Baby Tooth Extractions: Overview
Tooth extractions, which is the surgical removal of teeth, is typically necessary after teeth are damaged due to an injury, disease, or decay. Front teeth are easier to extract than molars because they have a single root, rather than multiple roots. Although, baby molars are the most common tooth extractions because they are more prone to decay.
When Do Children Need Tooth Extractions?
Common reasons for primary tooth extractions include:
Primary teeth easily fall victim to tooth decay, which typically results in extractions. In addition, cavities commonly form on a child’s molars because baby tooth enamel is more fragile than permanent teeth, which makes them prone to decay.
Untreated decay in baby teeth can also lead to more serious oral health conditions or diseases. For example, when a baby tooth becomes infected, bacteria can spread to other teeth and may affect developing permanent teeth. If a primary tooth is extracted due to severe decay, permanent teeth can also move into the open space, which leads to crooked or crowded teeth.
Trauma or Injury
A child’s primary teeth can become damaged from trauma or an injury, including accidents, falls, or failed dental restorations (such as cavity fillings or crowns). If a baby tooth is chipped, cracked, or completely detached from the socket, pain and increased sensitivity are common symptoms.
Depending on the severity of the damage, a root canal or full coverage crown may be able to save the tooth. However, often times the tooth has to be removed and replaced with a space maintainer until the permanent tooth grows in.
Gingivitis causes inflammation in the gingival tissues and results in bleeding, redness, and swelling. If gingivitis is left untreated, pediatric periodontal disease (PD) can develop later on. PD is a serious oral condition that affects the gums and jawbone. Severe cases can lead to loose teeth, receding gums, and severe bleeding. Tooth extractions are typically necessary if the teeth do not fall out on their own.
Impacted Wisdom Teeth
When third molars partially grow in or get stuck under the gums, they are considered impacted wisdom teeth. So, dentists recommend extractions to reduce the chance of disease and jaw misalignment. If children show early signs of impacted teeth at a young age, they are often removed to prevent future problems later on. For example, these problems may include gum disease, cavities, and root resorption.
Over-retained baby teeth refer to teeth that have loosened, but then tighten back into the gums, preventing the eruption of permanent teeth. Dentists typically recommend extracting these teeth to allow for the proper eruption of permanent teeth. If the primary teeth are not removed, dental crowding commonly develops, which is a condition that occurs when there is not enough space for teeth to grow in.
Additionally, permanent teeth can also begin growing in above the over-retained primary teeth, which leads to misaligned teeth and the need for orthodontic treatment, such as braces, later on. The teeth most commonly removed for orthodontic reasons are the first premolars, which are next to the canines.
Tooth Extraction Procedure
Step 1 — Radiograph (x-ray)
Before most dental procedures, dentists take x-rays of your teeth and mouth to foresee any possible complications. The radiographs examine the position of the tooth roots and the surrounding bone structure.

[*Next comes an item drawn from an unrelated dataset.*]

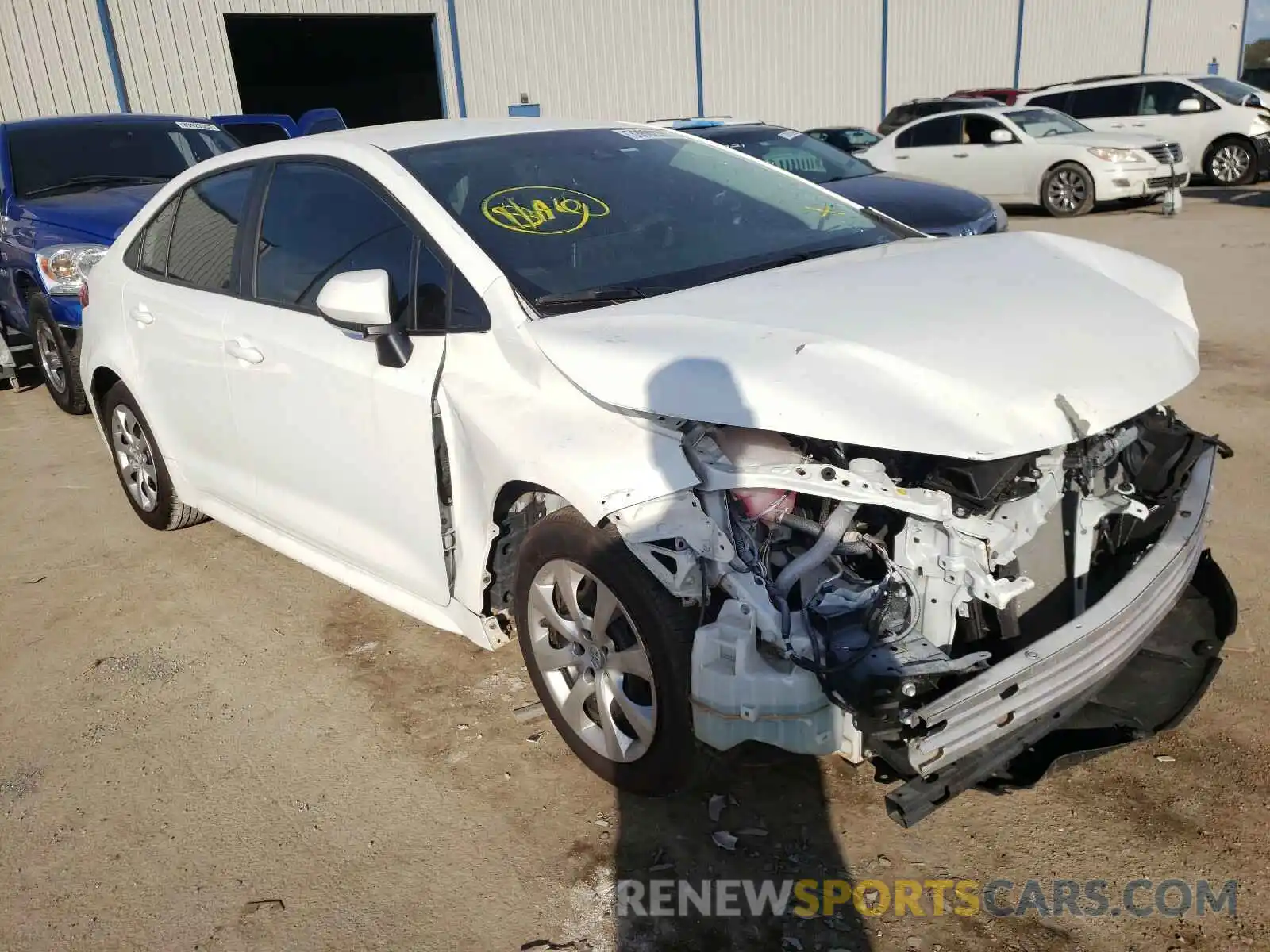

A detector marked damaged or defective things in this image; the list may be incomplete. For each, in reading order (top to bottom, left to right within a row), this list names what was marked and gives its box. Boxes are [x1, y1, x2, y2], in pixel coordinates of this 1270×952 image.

crumpled hood [20, 182, 165, 242]
damaged white car [76, 119, 1229, 822]
crumpled hood [525, 231, 1199, 462]
damaged front end [610, 411, 1234, 827]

Step 2 — Local Anesthesia Administration
Primary tooth extractions are typically carried out under local anesthesia, which is a safe membrane-stabilizing drug that does not result in a loss of consciousness. Dentists inject local anesthesia into the mouth, which numbs the area and eliminates pain. The sensations associated with it are temporary and only last a few hours. Sedatives may also be used in combination with anesthesia for children with high anxiety levels or fear of needles. Depending on the patient’s preference, the drugs can be taken orally, intravenously (IV), or through inhalation (nitrous oxide).
Step 3 — Tooth Removal
After the administration of local anesthesia, the dentist removes the tooth using small instruments. In addition, as the tooth is being removed, they carefully ensure the bone around the tooth is not damaged.
Step 4 — Stitches
After extraction, the dentist covers the tooth socket with sterile gauze and applies pressure for about 20 minutes. Stitches may also be necessary depending on the patient’s needs.
Step 5 — Space Maintainer
When a primary molar is removed or lost prematurely, space maintainers are placed to ensure the child’s permanent tooth grows in correctly. They prevent the migration of adjacent teeth, depending on the number of teeth present and the patient’s dental arch length. If there is a sufficient amount of space present to allow for the eruption of a permanent tooth, a space maintainer typically isn’t necessary.

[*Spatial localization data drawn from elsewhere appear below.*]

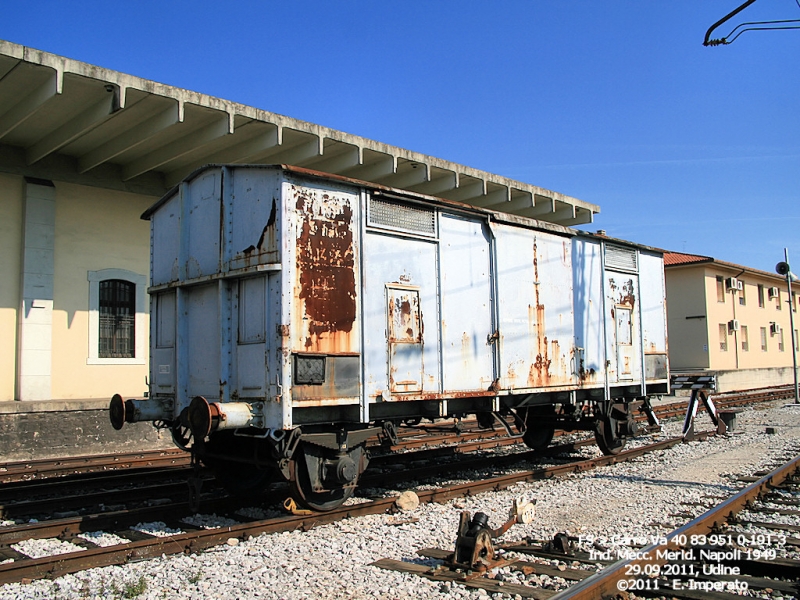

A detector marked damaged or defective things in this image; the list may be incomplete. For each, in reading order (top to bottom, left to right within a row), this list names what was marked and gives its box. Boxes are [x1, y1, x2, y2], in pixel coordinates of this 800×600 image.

rust stain on boxcar [294, 190, 356, 354]
rusty freight wagon [108, 164, 668, 510]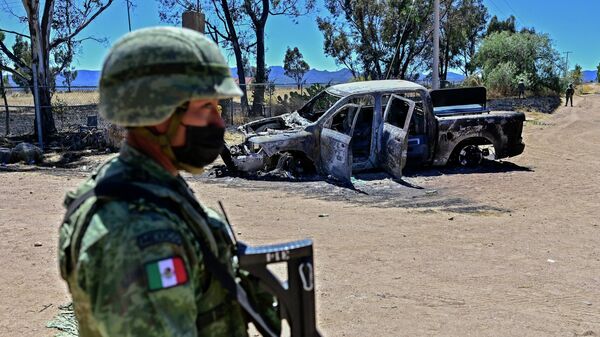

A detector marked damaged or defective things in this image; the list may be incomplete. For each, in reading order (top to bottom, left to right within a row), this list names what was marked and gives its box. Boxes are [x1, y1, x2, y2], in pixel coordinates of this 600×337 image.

burned pickup truck [226, 79, 524, 181]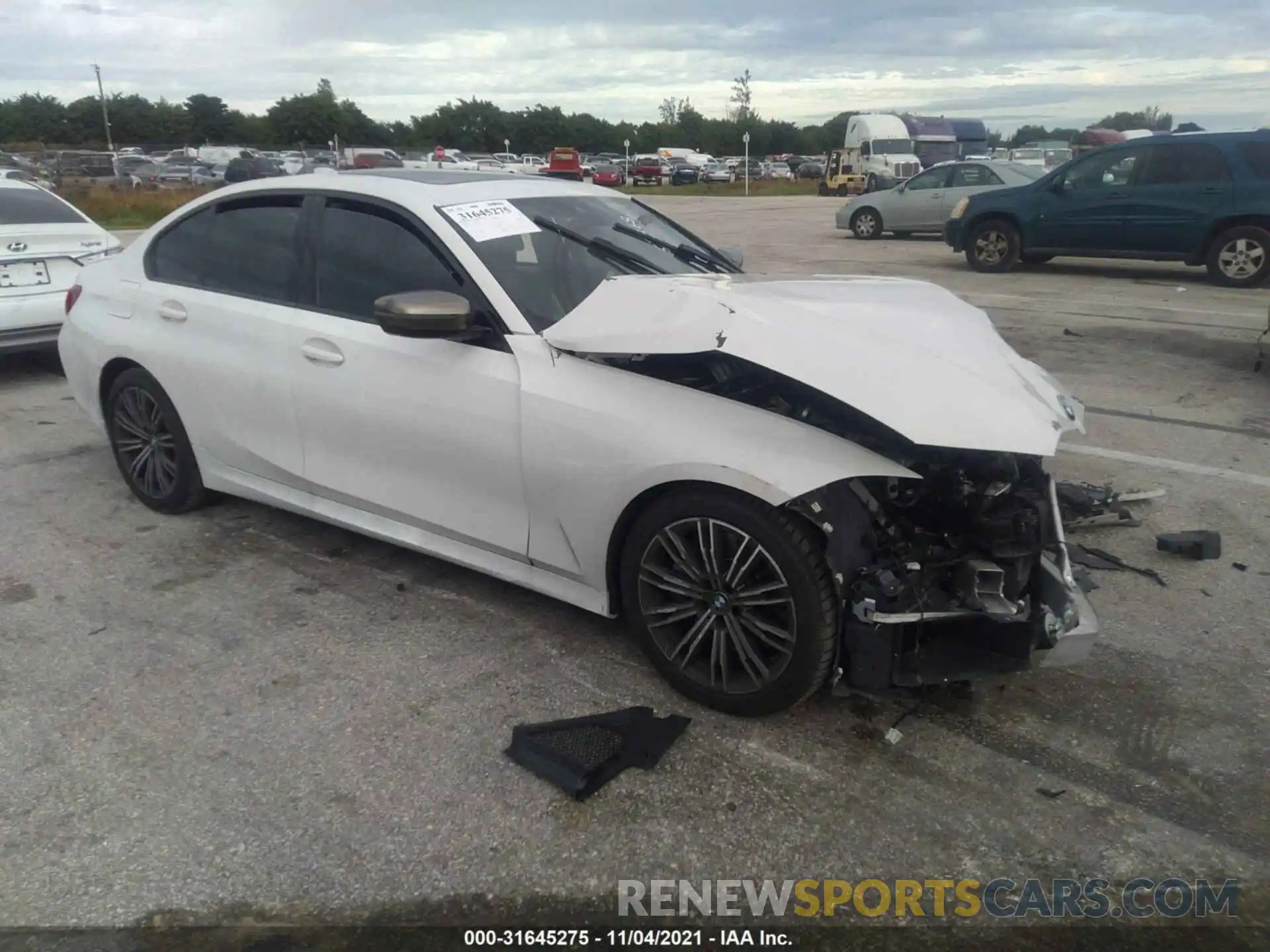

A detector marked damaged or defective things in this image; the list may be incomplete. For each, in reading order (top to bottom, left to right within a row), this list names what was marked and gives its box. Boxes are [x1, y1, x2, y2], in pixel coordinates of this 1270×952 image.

crumpled hood [540, 271, 1085, 457]
crashed front end [799, 455, 1095, 693]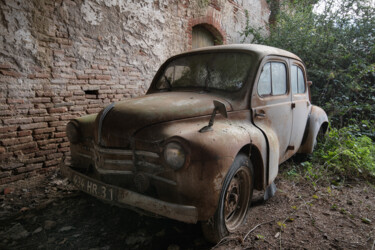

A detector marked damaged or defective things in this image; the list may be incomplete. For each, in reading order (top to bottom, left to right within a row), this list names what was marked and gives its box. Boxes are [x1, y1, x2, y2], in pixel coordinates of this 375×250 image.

rusty car [62, 44, 328, 243]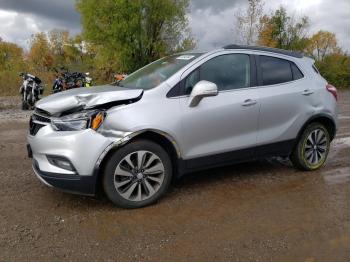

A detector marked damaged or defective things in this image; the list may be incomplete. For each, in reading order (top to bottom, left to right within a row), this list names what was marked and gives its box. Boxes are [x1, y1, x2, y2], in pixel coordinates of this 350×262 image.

crumpled hood [36, 85, 144, 115]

Moderate pain may occur after surgery. Within a few days, life can return back to normal. To help reduce pain and symptoms, a dentist may recommend:
Medications — anti-inflammatory drugs, such as Ibuprofen, and antibiotics may be prescribed to reduce pain after surgery and speed up the recovery process.
Ice — icing the outside of the jaw helps reduce inflammation and pain.
Soft Foods — to increase comfortability, patients should eat softer foods for a few days post-surgery, such as cooked vegetables, mashed potatoes, and smoothies.